→ Exercise
When you repeat the entries below, please keep them exact and leave out the pictures.

→ Stored data

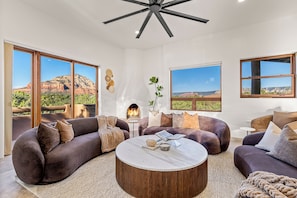 Smart TV, fireplace, video games, foosball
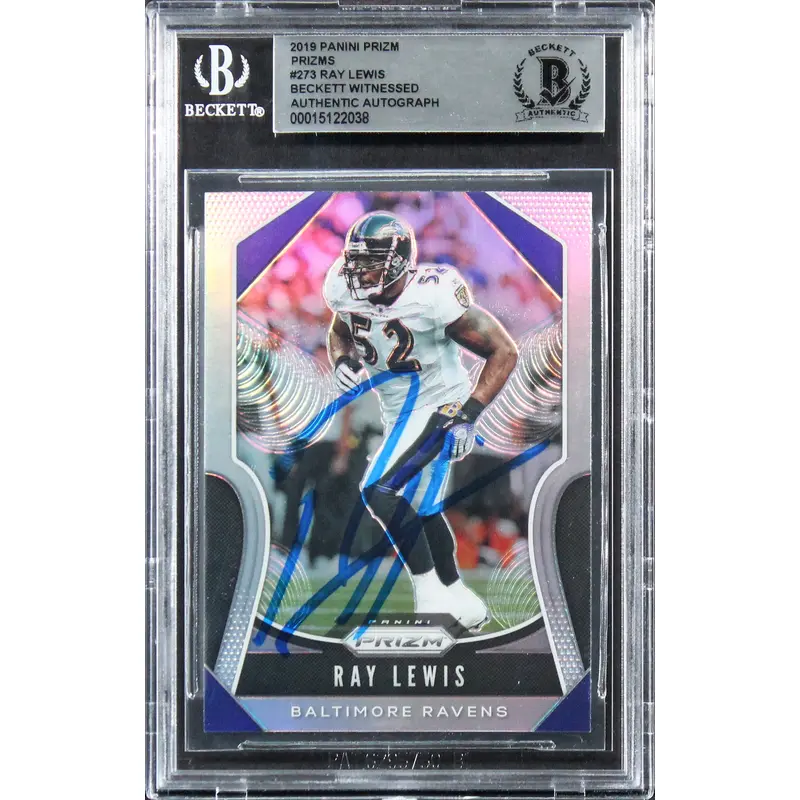 Ravens Ray Lewis Authentic Signed 2019 Panini Prizms #273 Card BAS Slabbed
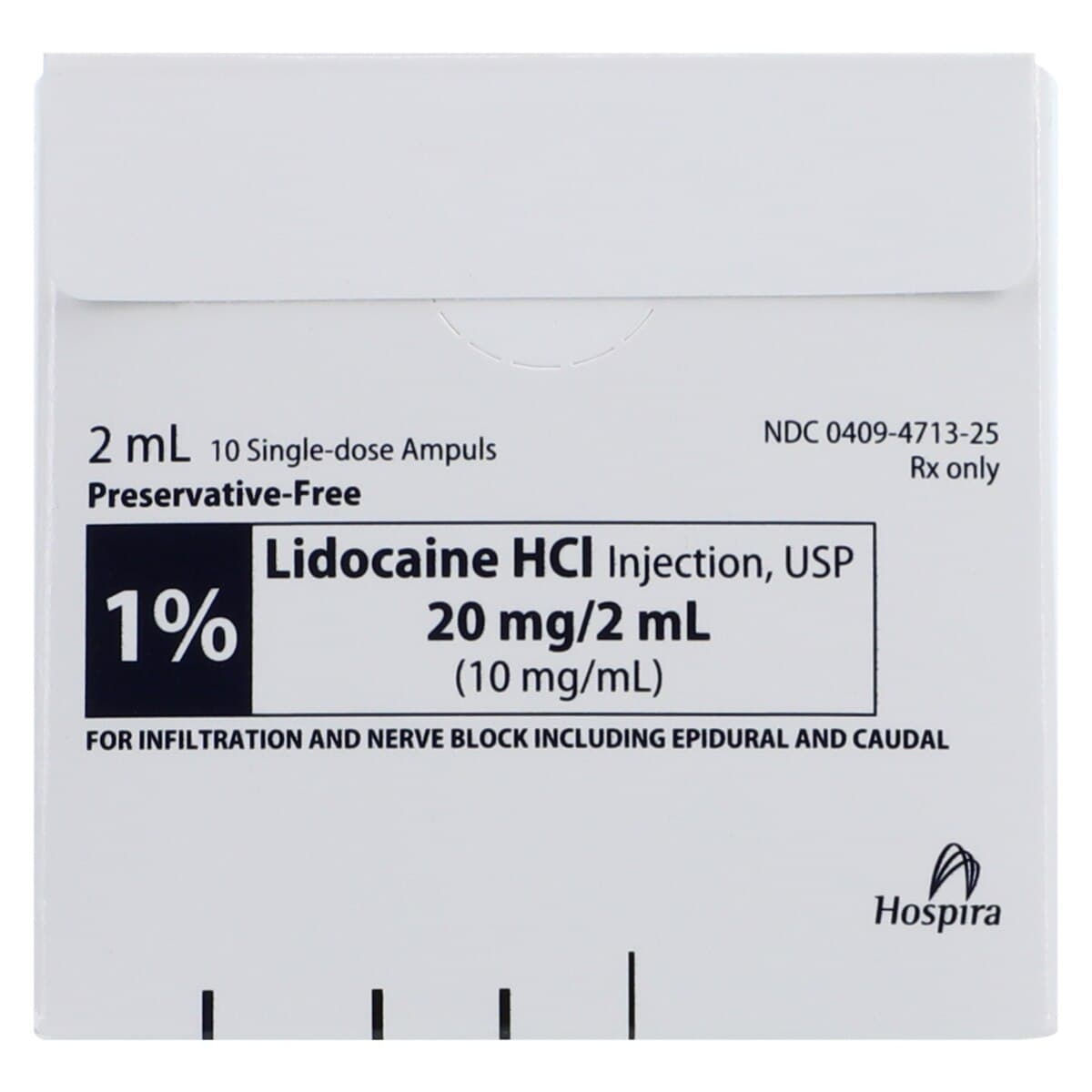 Lidocaine HCl Injection 1% Preservative-Free Ampules, 2 mL, 50/Package thumbnail 2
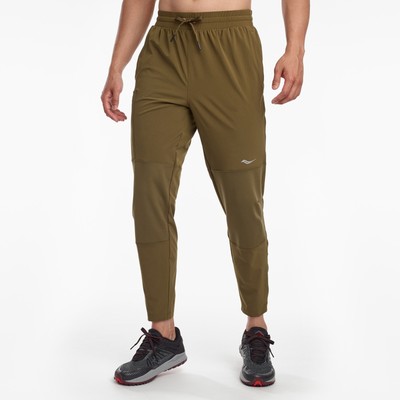 

Мужские брюки-джоггеры Saucony Summit темно-оливковые  Apparel, Dark olive
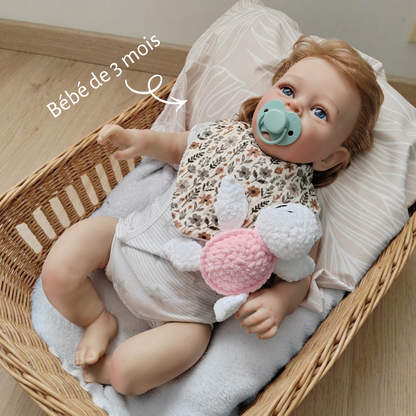 Tiny doudou tortue crochet - blanche & rose
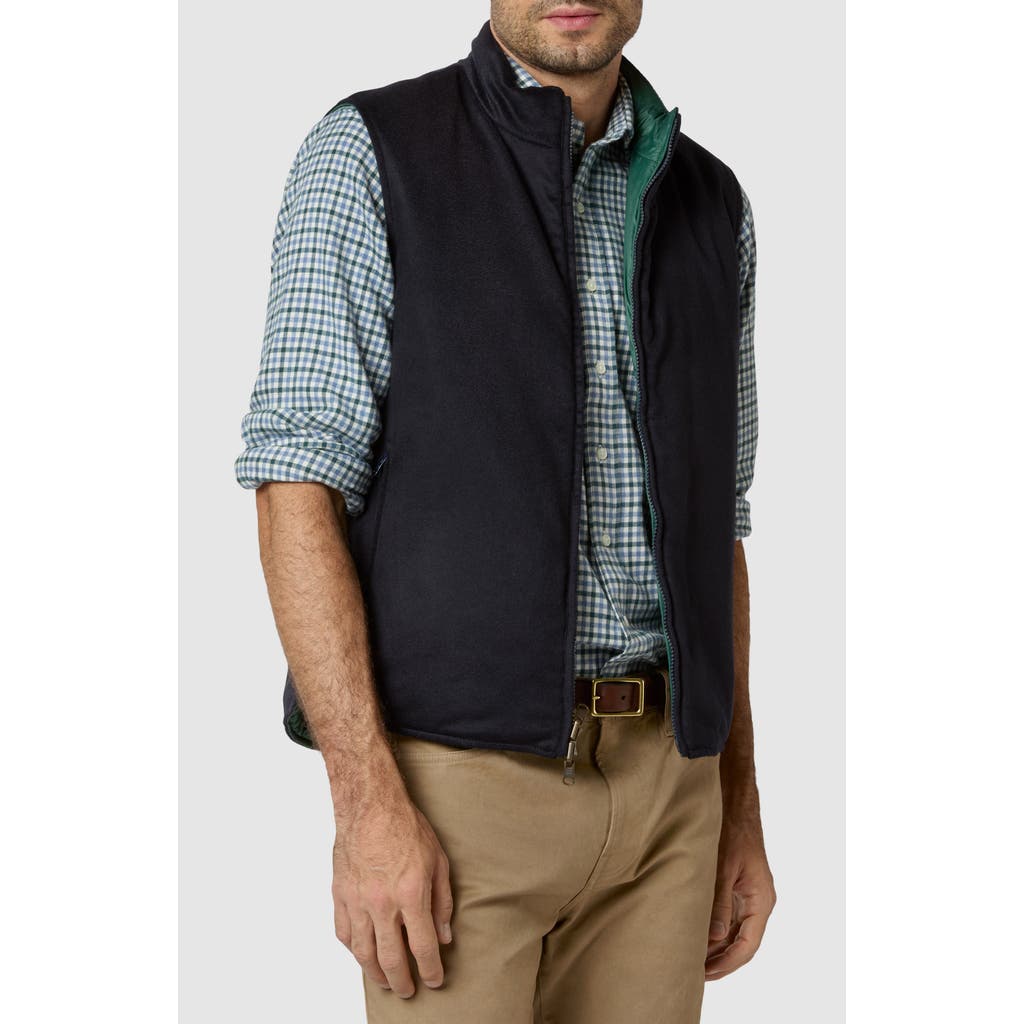 Sid Mashburn Cashpad Reversible Cashmere Flannel & Nylon Vest in Hunter Nylon/navy Cashmere Flannel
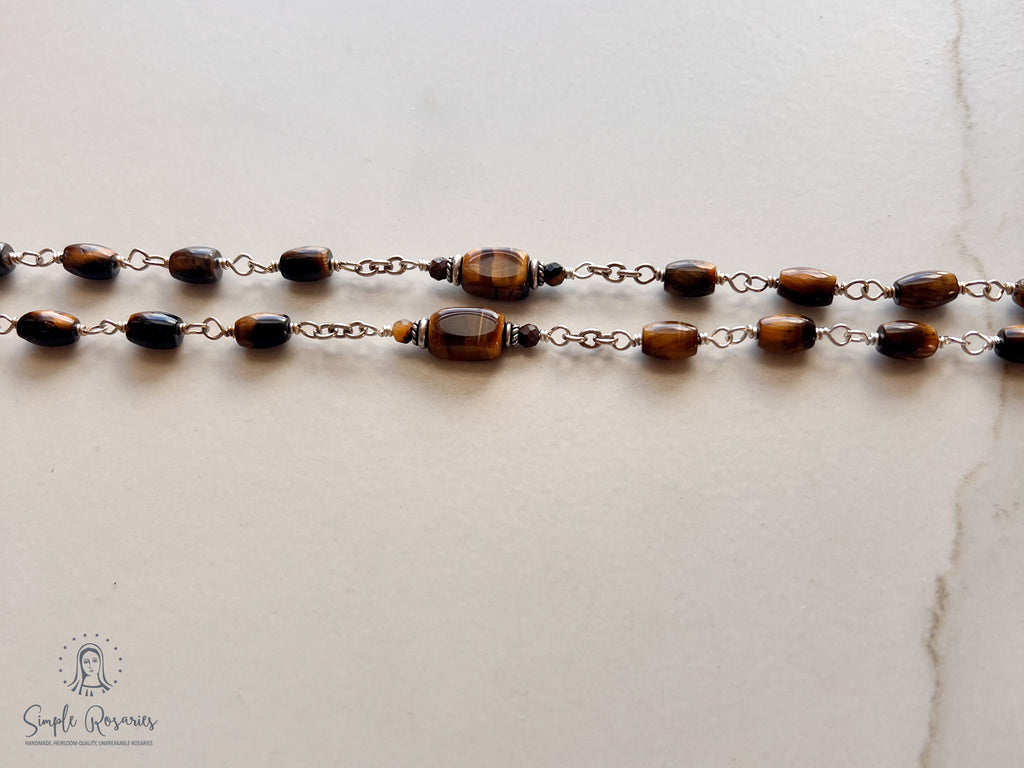sterling silver and tiger eye rosary with solid sterling silver components and construction, handmade, heirloom-quality, high-quality gemstone, unbreakable rosary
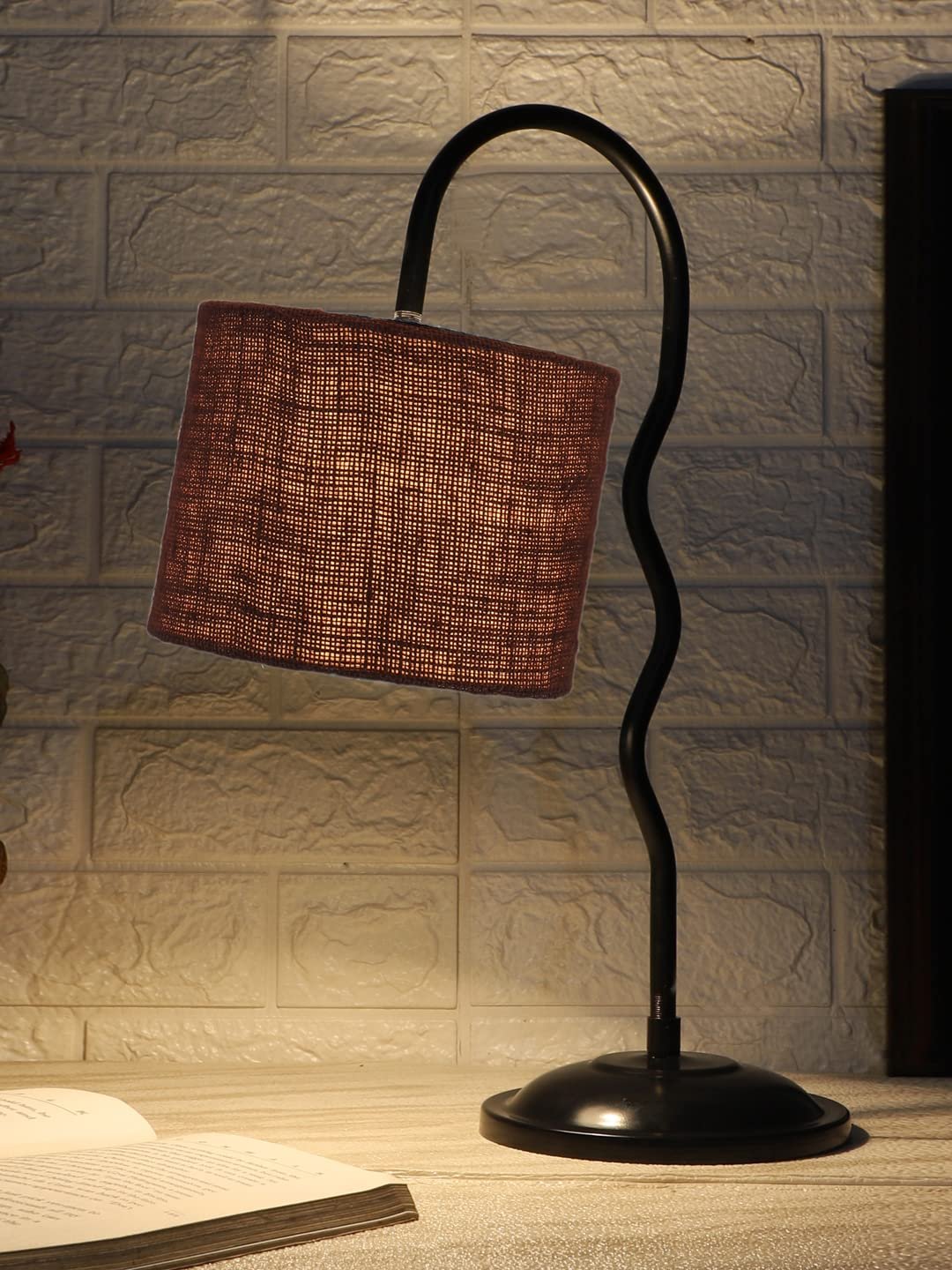 Jute Zig Zag Curvy Table Lamp with Iron Base for Home/Office/Gifting - (Size : 13x7x18.9, Colour : Brown) (SP39)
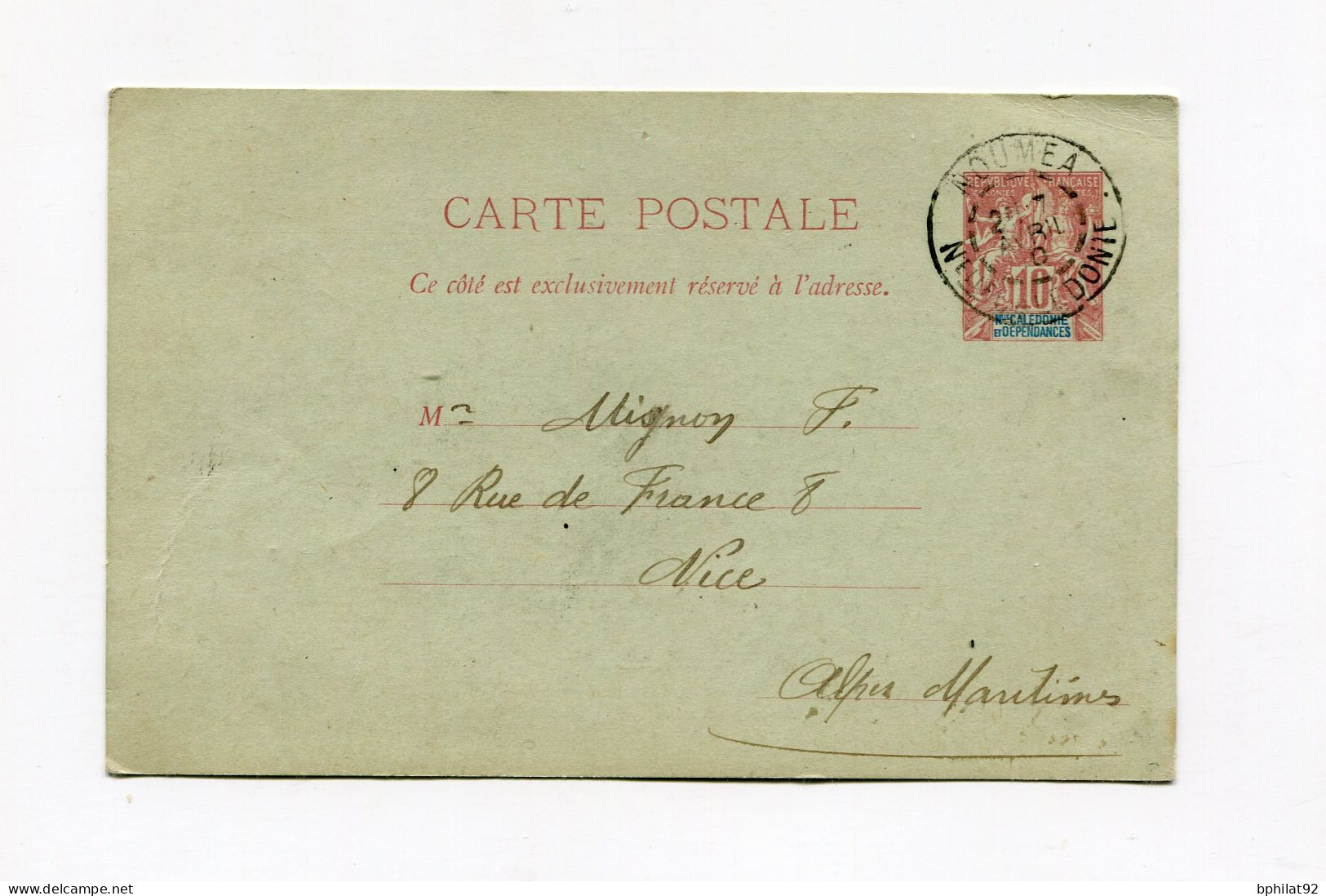 !!! NOUVELLE CALEDONIE, ENTIER POSTAL DE NOUMEA DE 1910 POUR NICE - Lettres & Documents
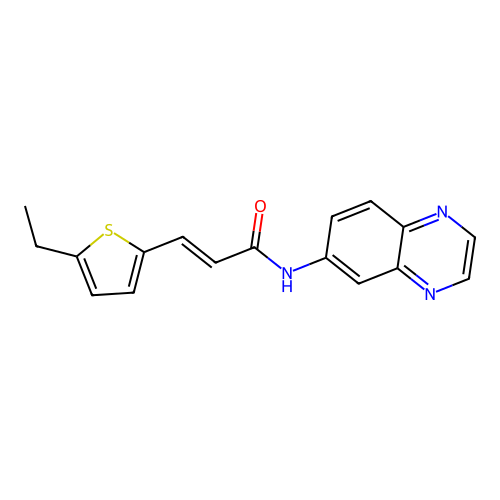 (2E)-3-(5-ethylthiophen-2-yl)-N-(quinoxalin-6-yl)prop-2-enamide structure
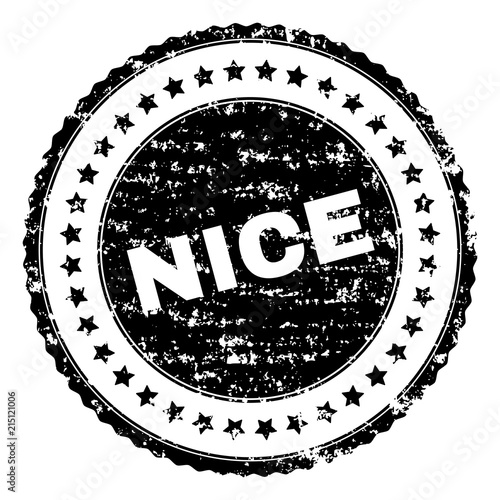 NICE seal print with distress texture. Black vector rubber print of NICE caption with corroded texture. Rubber seal imitation has round shape and contains stars.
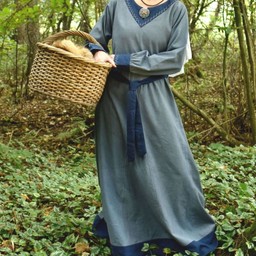 Viking dress Helga, blue grey-blue - Celtic Webmerchant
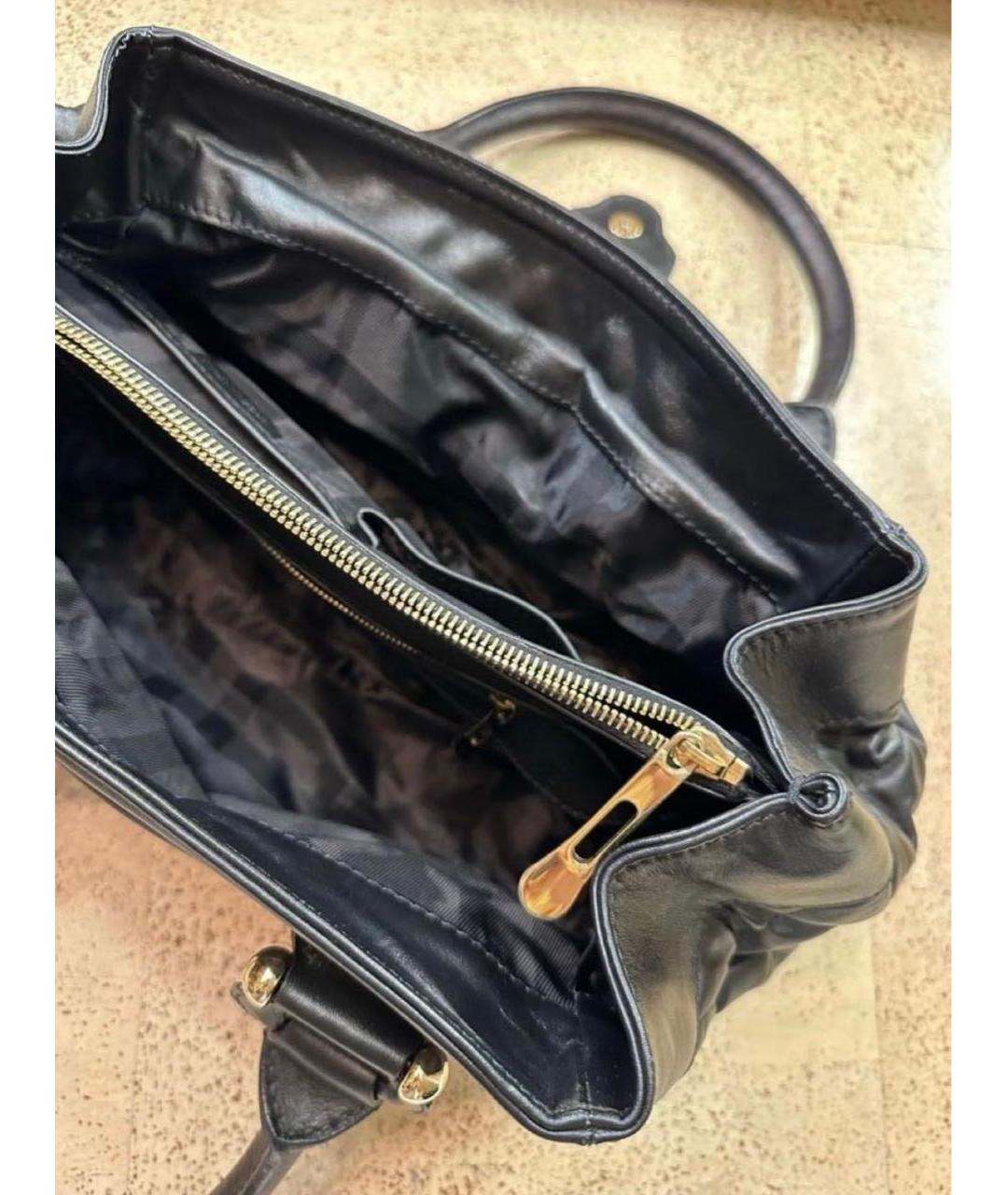 BURBERRY Черная кожаная сумка с короткими ручками, фото 4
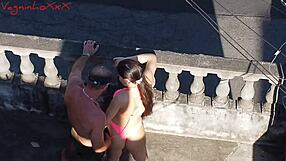 Exhibitionism leads to passionate kissing and almost outdoor sex with vagninho and pamela pantera.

→ Solution
 Smart TV, fireplace, video games, foosball
 Ravens Ray Lewis Authentic Signed 2019 Panini Prizms #273 Card BAS Slabbed
 Lidocaine HCl Injection 1% Preservative-Free Ampules, 2 mL, 50/Package thumbnail 2

Мужские брюки-джоггеры Saucony Summit темно-оливковые  Apparel, Dark olive
 Tiny doudou tortue crochet - blanche & rose
 Sid Mashburn Cashpad Reversible Cashmere Flannel & Nylon Vest in Hunter Nylon/navy Cashmere Flannel
sterling silver and tiger eye rosary with solid sterling silver components and construction, handmade, heirloom-quality, high-quality gemstone, unbreakable rosary
 Jute Zig Zag Curvy Table Lamp with Iron Base for Home/Office/Gifting - (Size : 13x7x18.9, Colour : Brown) (SP39)
 !!! NOUVELLE CALEDONIE, ENTIER POSTAL DE NOUMEA DE 1910 POUR NICE - Lettres & Documents
 (2E)-3-(5-ethylthiophen-2-yl)-N-(quinoxalin-6-yl)prop-2-enamide structure
 NICE seal print with distress texture. Black vector rubber print of NICE caption with corroded texture. Rubber seal imitation has round shape and contains stars.
 Viking dress Helga, blue grey-blue - Celtic Webmerchant
 BURBERRY Черная кожаная сумка с короткими ручками, фото 4
 Exhibitionism leads to passionate kissing and almost outdoor sex with vagninho and pamela pantera.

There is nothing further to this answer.